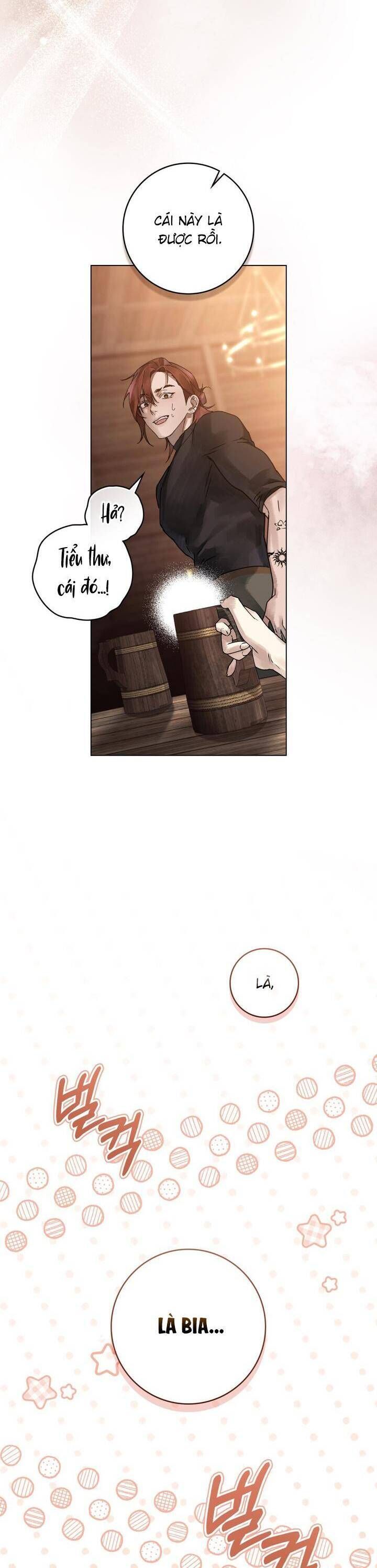 Người Chồng Độc Ác - Chapter 4 - Page 13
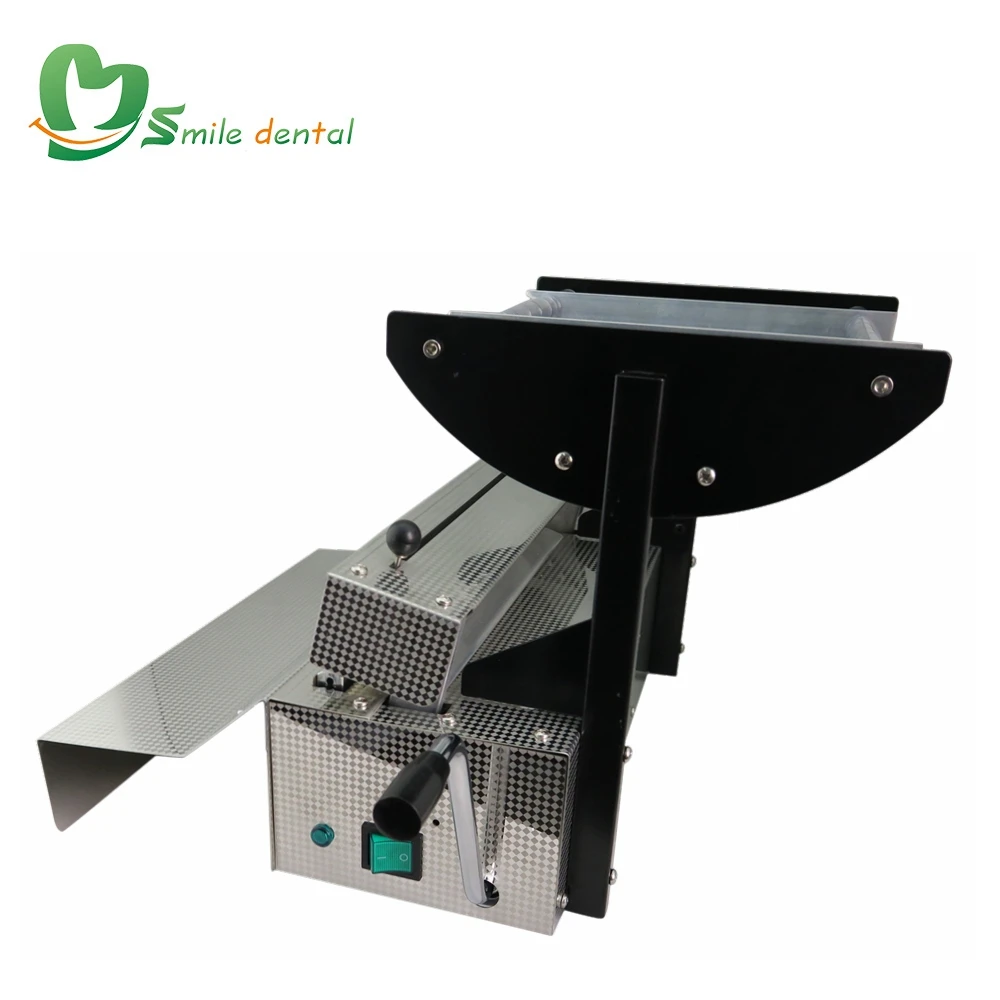 Dental Sealing Machine 250mm Seal Width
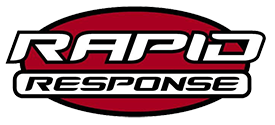 Logo of Rapid Response, Inc.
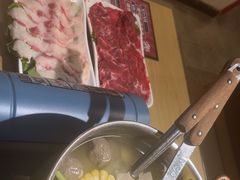 -潮汕壹号·潮汕菜·打边炉·生腌(总店)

------------------------------

* [About this exercise]
Faithful copy, images left out: write out every line of data.

* [Response to this exercise]
 Người Chồng Độc Ác - Chapter 4 - Page 13
 Dental Sealing Machine 250mm Seal Width
 Logo of Rapid Response, Inc.
 -潮汕壹号·潮汕菜·打边炉·生腌(总店)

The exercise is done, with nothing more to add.